Coleslaw or Hildegard?

Yesterday I was going to post my coleslaw recipe, since we are so enjoying it. All I'll say now is that the tender stems of broccoli and cauliflower can be grated for coleslaw besides just cabbage leaves.

Yesterday was the Feast day of St Hildegard of Bingen. I know her story. And like another story I shared in August of St Lawrence, the church calendar, that the protestant movement threw out with the bath water, gives stories to remember/retell each year. It's a part of church history. People used to wake up and say, "Oh this is so-and-so's day" and remember their story--a God-consciousness. I consider it all a part of the Third Testament, of God-in-our-midst stories. A good reminder that if God was there for them, He'll be here for me.

(I had to stop and iron a shirt for Dawson. He has a formal catering job today in the Denver Performing Arts Center. I guess I need to teach him how to iron.)

I googled Hildegard yesterday, but I knew what I'd find. Though I did want to hear a representation of the music she wrote and found some (similar to Gregorian Chant). Most sites tell her story. She's a person of the 1100's, who dyed September 17 (thus her birthdate into heaven, which is the way the calendar is set up) at the age of about 83. At the age of 8 she began living in a convent. Her education was for what she needed for her daily rounds of prayer, so she did learn to read and write. She had migraines and she had visions. And in her middle age she started writing to kings and popes, and traveled preaching, and people visited her.

Some have passed off her visions to a neurophysiological basis. But not every migraine sufferer can claim Hildegard's achievements. She wrote many hymns, many letters, and many books--some of which are on natural history and science. Once she told about her visions, people, including church leaders, thought they could be from God and encouraged them to be written down.

There's a few sites I knew I would find that are feministic in nature.

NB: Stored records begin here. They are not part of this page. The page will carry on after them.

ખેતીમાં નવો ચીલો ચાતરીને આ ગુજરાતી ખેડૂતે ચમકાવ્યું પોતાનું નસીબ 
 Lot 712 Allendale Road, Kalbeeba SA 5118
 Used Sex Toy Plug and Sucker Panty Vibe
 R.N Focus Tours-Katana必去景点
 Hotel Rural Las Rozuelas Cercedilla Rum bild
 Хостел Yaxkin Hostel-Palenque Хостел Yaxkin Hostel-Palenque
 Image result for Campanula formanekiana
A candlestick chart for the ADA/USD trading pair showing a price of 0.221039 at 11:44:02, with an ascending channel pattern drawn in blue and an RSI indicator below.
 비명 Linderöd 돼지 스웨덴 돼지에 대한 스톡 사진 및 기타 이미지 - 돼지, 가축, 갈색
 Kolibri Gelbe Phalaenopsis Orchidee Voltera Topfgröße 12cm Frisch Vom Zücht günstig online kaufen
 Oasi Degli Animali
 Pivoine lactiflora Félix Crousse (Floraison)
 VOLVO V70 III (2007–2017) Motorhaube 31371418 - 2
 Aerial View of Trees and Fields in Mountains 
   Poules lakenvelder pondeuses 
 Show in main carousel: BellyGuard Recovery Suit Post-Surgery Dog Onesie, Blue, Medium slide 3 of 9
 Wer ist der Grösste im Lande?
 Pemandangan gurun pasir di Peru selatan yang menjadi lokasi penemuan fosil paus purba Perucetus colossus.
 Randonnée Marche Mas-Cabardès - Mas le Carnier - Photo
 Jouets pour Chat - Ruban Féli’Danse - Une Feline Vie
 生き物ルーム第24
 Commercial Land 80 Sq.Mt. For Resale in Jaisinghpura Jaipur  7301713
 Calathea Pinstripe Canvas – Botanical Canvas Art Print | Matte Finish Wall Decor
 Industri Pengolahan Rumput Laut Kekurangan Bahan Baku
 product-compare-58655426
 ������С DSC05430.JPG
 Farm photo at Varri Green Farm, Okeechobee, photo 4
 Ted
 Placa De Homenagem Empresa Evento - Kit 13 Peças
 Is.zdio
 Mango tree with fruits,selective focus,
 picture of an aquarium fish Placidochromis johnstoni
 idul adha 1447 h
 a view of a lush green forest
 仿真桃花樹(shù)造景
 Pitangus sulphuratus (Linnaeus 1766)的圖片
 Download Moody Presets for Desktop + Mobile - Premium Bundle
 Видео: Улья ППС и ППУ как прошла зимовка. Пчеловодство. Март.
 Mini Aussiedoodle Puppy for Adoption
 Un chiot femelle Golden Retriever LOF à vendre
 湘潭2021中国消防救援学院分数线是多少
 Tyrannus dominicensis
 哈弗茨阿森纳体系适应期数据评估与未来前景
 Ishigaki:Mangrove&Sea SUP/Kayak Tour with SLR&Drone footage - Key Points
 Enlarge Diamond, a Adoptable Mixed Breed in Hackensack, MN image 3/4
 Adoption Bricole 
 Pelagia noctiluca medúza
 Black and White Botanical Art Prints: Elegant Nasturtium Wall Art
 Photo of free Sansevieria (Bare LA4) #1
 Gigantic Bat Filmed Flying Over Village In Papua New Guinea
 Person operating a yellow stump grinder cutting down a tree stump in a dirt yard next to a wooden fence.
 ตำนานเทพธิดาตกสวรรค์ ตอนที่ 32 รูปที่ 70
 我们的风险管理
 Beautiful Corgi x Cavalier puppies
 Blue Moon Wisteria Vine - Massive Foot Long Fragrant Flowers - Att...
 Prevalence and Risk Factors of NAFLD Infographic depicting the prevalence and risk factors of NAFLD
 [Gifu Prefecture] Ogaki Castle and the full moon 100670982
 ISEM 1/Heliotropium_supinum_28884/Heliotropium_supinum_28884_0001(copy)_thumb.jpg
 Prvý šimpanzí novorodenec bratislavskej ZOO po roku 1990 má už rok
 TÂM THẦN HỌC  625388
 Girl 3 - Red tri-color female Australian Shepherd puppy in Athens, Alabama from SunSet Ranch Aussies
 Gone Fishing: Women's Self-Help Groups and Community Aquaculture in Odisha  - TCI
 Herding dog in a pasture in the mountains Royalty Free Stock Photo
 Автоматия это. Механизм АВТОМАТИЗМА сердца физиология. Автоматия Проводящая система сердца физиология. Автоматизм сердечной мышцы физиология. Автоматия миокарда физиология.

If I could read German...I don't know her actual usage of pronouns, but some have translated her writings referring to God as 'she'. The book I have, translates God as 'he'. But, we are all created in the image of God, both male and female, which means 'whatever' God is, we all are representations of that image. So differing pronoun usage doesn't bother me.

BUT...her story, along with some other female saints', remind me of a small book by Virginia Woolf called A Room of Her Own. She was asked to come speak at a male college (they were divided in her day). She would be reprimanded throughout the day about things she couldn't do--no sitting on the grass, no leaving the sidewalk, no entrance into the library or classrooms. She had to be met at the door by a man who had invited her. But the message of her book was the fact that women didn't write books. She talked of Jane Austin hiding her writing under papers when servants or guests entered the family room. Women were only to write letters. So if women could have had five pounds of money a year and a room of their own, there might have been more writings.

So when you start learning the stories of many of the women in the church calendar, you see that the church gave more women a voice than was normal.

A 15th century painting. Hildegard is the young kneeling child.

For most of history, Anonymous was a woman.
-Virginia Woolf

Male and female represent the two sides of the great radical dualism. But in fact they are perpetually passing into one another. Fluid hardens to solid, solid rushes to fluid. There is no wholly masculine man, no purely feminine woman.
-Margaret Fuller (1810-1850) Woman in the Nineteenth Century, 1845

I meant to write about death, only life came breaking in as usual.